Local consultant Jari Vähänen told iGB in July that there was no mention of whether horseracing betting would remain under the monopoly in the draft regulations. These were released on 3 July.

“It’s another story, on what will happen for horseracing, right now it’s on the monopoly side,” Vähänen said at the time. “I know the horseracing industry is lobbying heavily to move to the licence-based system. If that happens, I suppose that horseracing betting will be also allowed in retail salons.”

Then on 16 October, Mika Kuismanen, CEO of Finnish online gambling trade body Rahapeliala Ry, told iGB the ministry for the interior was in the final stages of preparing the legislation before sending it off to the EC.

He said horseracing betting and the launch date for the open market were the final two decisions left for the government, and a cross-party committee, to make.

The ministry for the interior confirmed in its statement that 1 January 2026 would remain the open sector’s launch date. “Finland’s gambling system will be reformed and opened to competition with a licence model no later than 1 January 2026,” it said.

On sending its regulation to the EC, the ministry said: “The purpose of the procedure is to get possible feedback from the Commission and other EU member states on the proposal’s consistency with EU legislation and the principles of free movement.

“The government’s proposal is to be presented to the parliament in the spring session of 2025.”

In July, the government said it aimed to present the final draft to parliament in February 2025. This os ahead of it launching the market fully in January 2027.

“We will likely have the law approved [by parliament] before midsummer [June 2025],” Kuismanen said previously.

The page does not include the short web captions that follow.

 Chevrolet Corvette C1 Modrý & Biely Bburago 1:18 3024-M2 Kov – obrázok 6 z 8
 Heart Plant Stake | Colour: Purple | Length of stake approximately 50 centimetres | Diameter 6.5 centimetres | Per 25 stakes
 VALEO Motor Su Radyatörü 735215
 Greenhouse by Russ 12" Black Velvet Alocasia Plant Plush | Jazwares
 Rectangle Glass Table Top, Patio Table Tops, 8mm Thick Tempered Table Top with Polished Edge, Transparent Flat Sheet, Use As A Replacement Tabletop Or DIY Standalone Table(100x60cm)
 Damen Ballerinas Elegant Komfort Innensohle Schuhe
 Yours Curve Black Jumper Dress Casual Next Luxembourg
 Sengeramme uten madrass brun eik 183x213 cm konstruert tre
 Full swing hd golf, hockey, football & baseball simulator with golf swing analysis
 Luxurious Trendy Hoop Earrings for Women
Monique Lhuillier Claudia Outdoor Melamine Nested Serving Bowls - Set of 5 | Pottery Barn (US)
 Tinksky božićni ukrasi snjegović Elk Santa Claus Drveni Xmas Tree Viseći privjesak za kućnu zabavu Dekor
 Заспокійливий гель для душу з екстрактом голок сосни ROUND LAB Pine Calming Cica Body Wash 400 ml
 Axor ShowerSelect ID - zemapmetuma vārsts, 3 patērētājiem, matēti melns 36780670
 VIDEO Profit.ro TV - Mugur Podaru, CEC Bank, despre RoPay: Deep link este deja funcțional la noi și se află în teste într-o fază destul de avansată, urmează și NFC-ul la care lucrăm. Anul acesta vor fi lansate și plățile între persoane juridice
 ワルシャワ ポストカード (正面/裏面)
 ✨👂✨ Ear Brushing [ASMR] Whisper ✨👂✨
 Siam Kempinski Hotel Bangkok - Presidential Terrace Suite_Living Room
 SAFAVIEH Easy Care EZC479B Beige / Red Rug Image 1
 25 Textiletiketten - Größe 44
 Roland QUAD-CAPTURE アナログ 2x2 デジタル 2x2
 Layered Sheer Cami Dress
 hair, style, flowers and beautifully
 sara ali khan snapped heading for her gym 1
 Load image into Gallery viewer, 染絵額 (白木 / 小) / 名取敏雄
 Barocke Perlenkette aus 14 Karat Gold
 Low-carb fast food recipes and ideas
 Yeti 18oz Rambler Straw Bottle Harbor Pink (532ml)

Regulation more “business friendly” that earlier efforts

Commenting on the regulation, Antti Koivula, a legal advisor for Finland-based Legal Gaming, said while some commentators may remain disappointed, it does bode better for businesses than earlier proposals.

“Overall, the updated draft law is significantly more business-friendly compared to the initial draft released in July.” Koivula said. “As a lawyer, I have yet to encounter a law that satisfies all interest groups.”

Koivula noted how marketing restrictions have been eased, particularly with regard to brand marketing conducted offline. He also spoke about the benefits of moving parimutuel horse betting from the exclusive rights category to licensing.

However while Koivula said gross gaming revenue tax rate (GGR) remains the same, there is additional burden for some operators.

“The GGR-based annual supervision fee has been notably increased,” he said. “It effectively creates an additional tax burden that can exceed 2% at certain GGR levels.”

In addition, Koivula accepted certain “much-needed” clarifications were made in the explanatory notes of the legislation, there is still some level of uncertainty that will need to be address.

“Several much-needed clarifications were included in the explanatory notes, which is highly positive,” he said. “On the other hand, many aspects have been deferred to secondary legislation, leaving numerous questions unanswered for the time being.”